▶ **YOUR GOAL**
From the line that contains "Texas Hold’em Poker Screenshot 0" to the end of the entries, copy each line exactly, though the pictures stay out.

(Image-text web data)
[Start of Attachment]

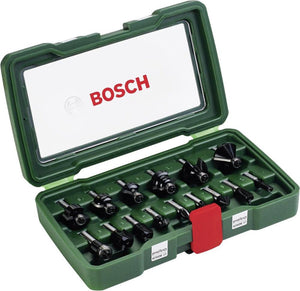 Bosch houtfrezen - � 8 mm schacht - 15-delig - geschikt voor alle merken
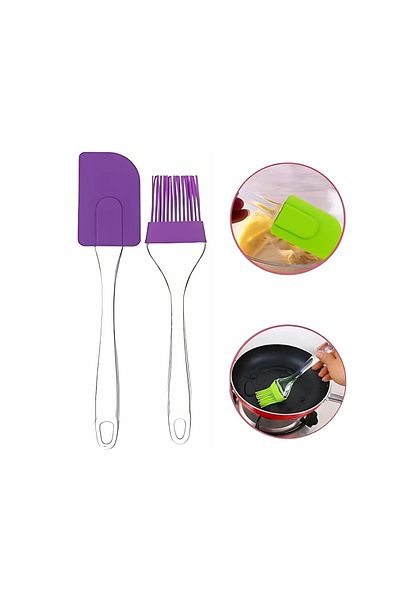 CKM silikon Silicone Spatula and Brush Set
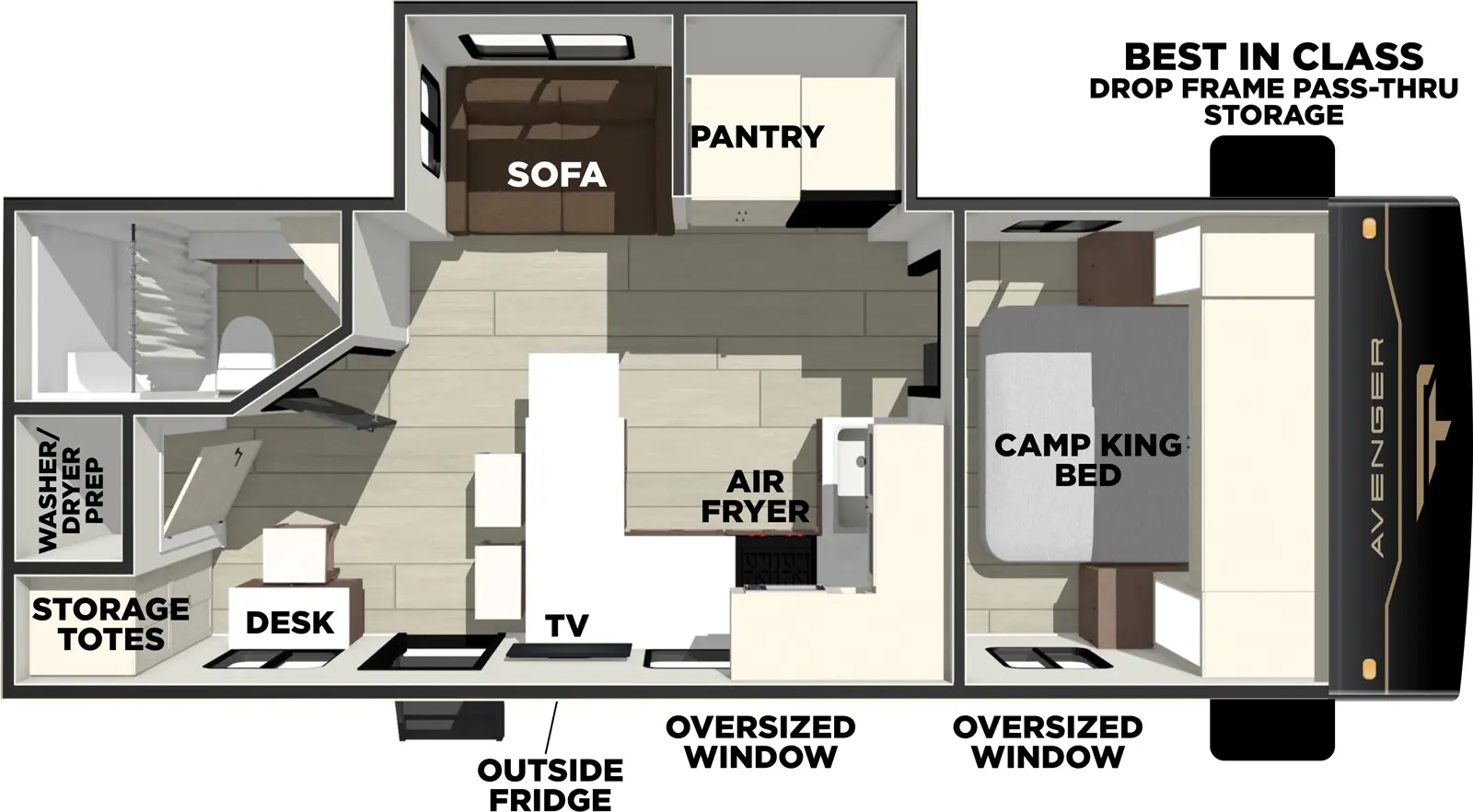 2026 Prime Time RV 2026 Prime Time RV Avenger - image 1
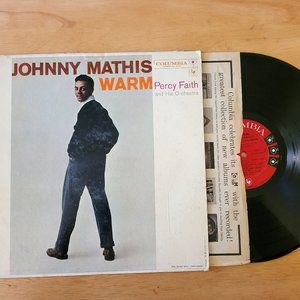 JOHNNY MATHIS Warm LP 1957 Columbia CL 1078 Pop Music LP1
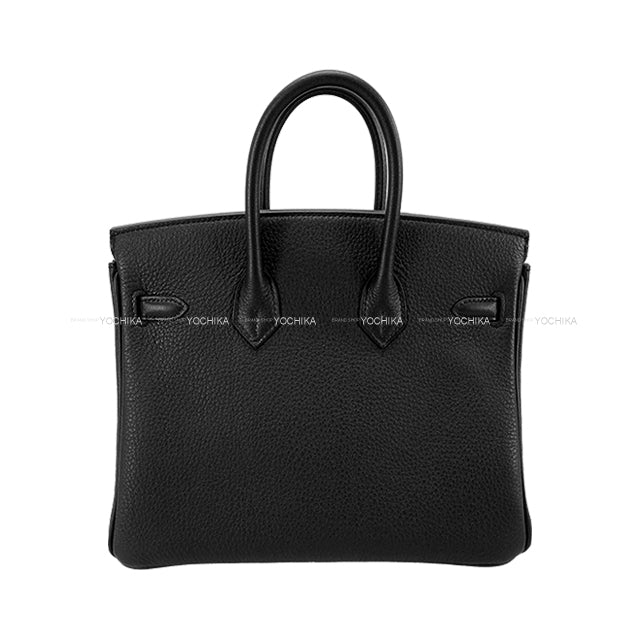 HERMES Handbag Birkin25 Noir (Black) Veau Togo Mat Gold HW Stamp K[BRAND NEW][Authentic]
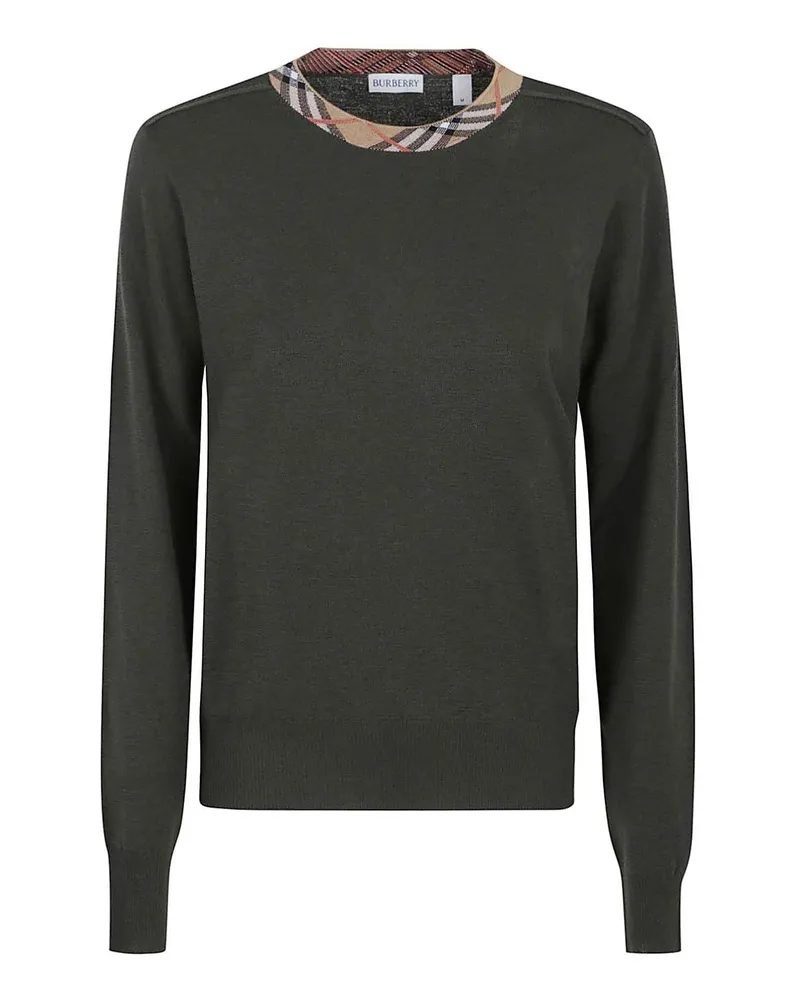 Burberry Rundhalspullover - Braun Braun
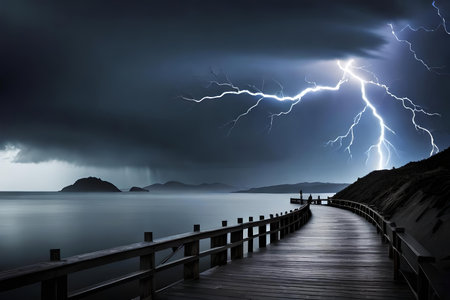 thought clash like thunderstorm in their interrupt judiciousness. Creative resource, AI Generatedの素材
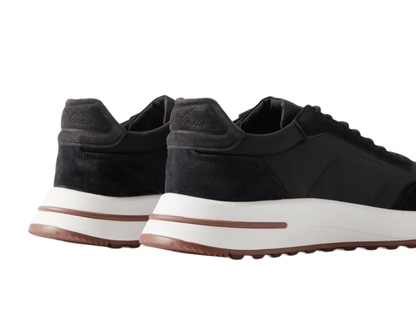 Loro Piana Week End Walk Sneaker in Black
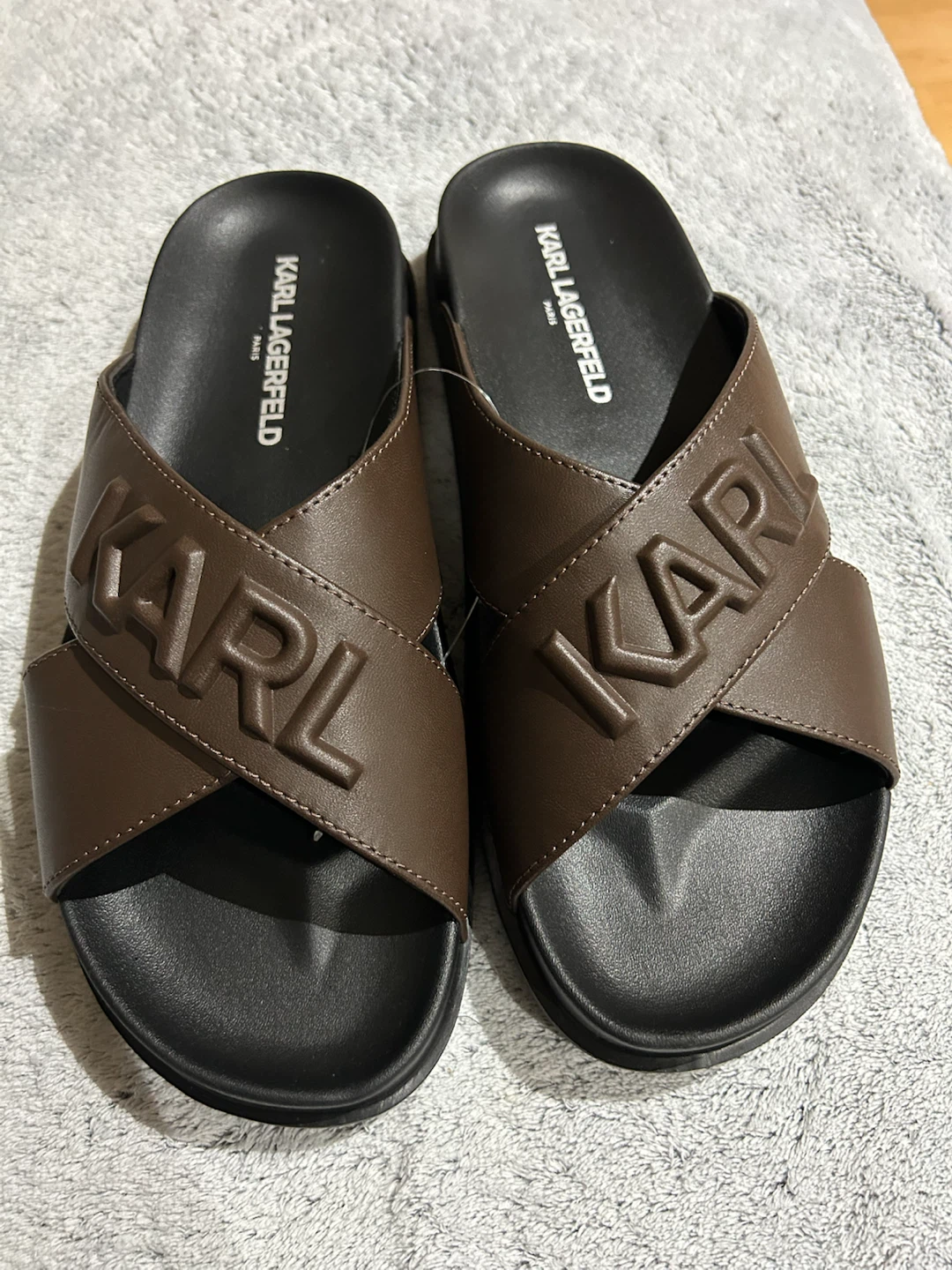 Karl Lagerfeld Women's Brown Slides - photo 3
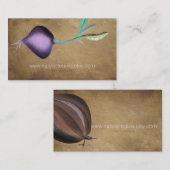 Carte De Visite Légumes (Devant / Derrière)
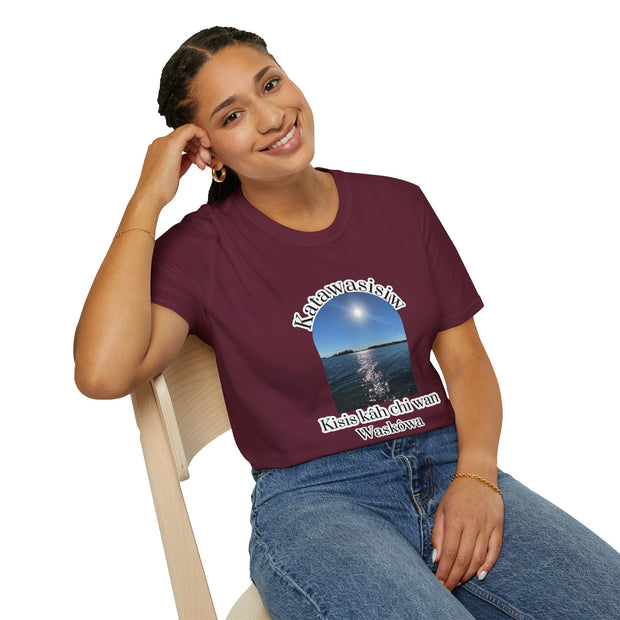 Cree Saskatchewan Skies Unisex Softstyle T-Shirt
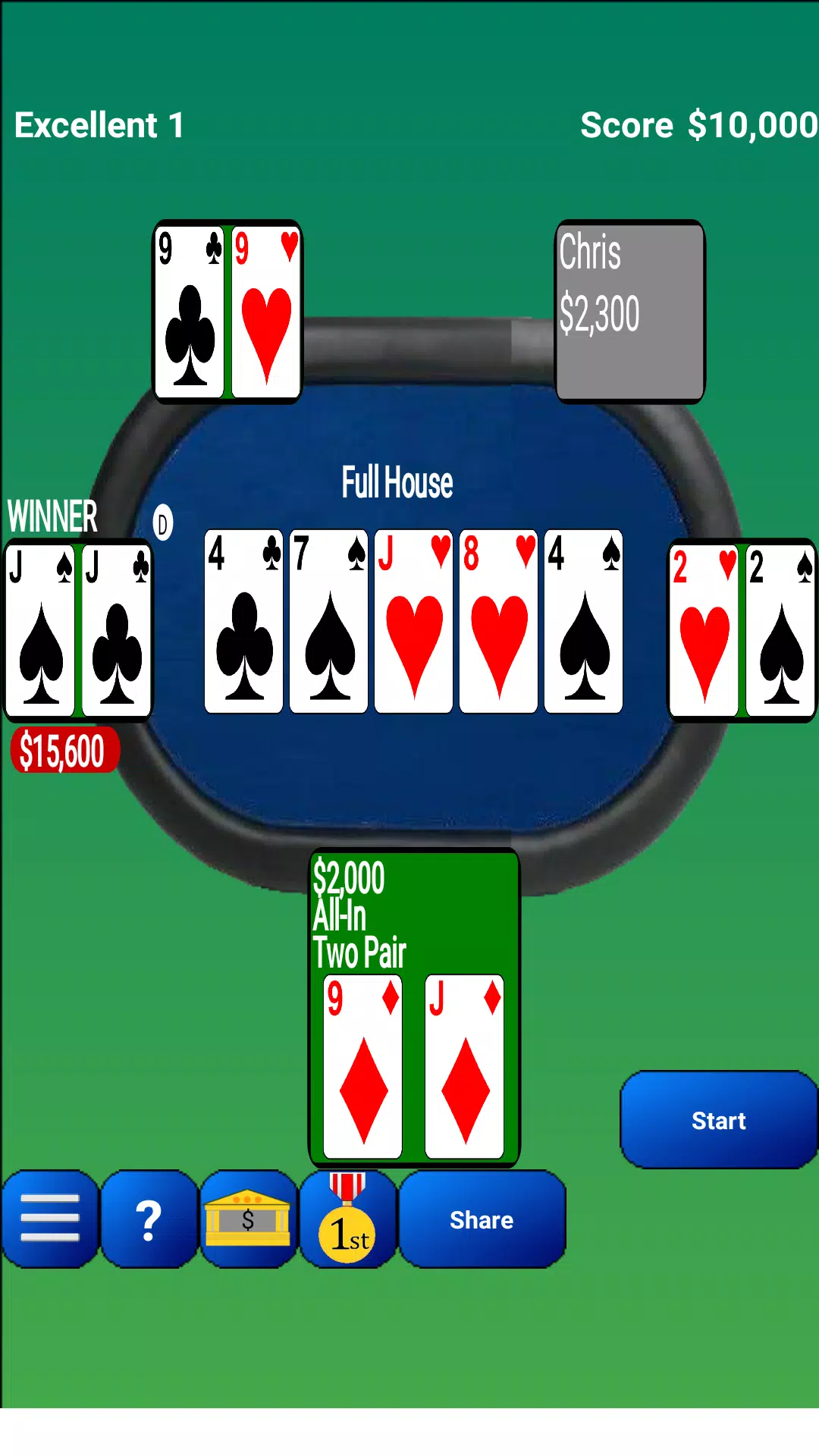 Texas Hold’em Poker Screenshot 0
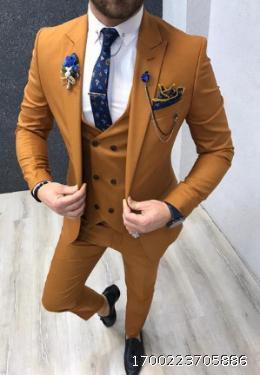 2022 British style suit suit suit set for men's groom and best man suit three piece cross-border suit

[End of Attachment]

▶ **EXERCISE ANSWER**
 Texas Hold’em Poker Screenshot 0
 2022 British style suit suit suit set for men's groom and best man suit three piece cross-border suit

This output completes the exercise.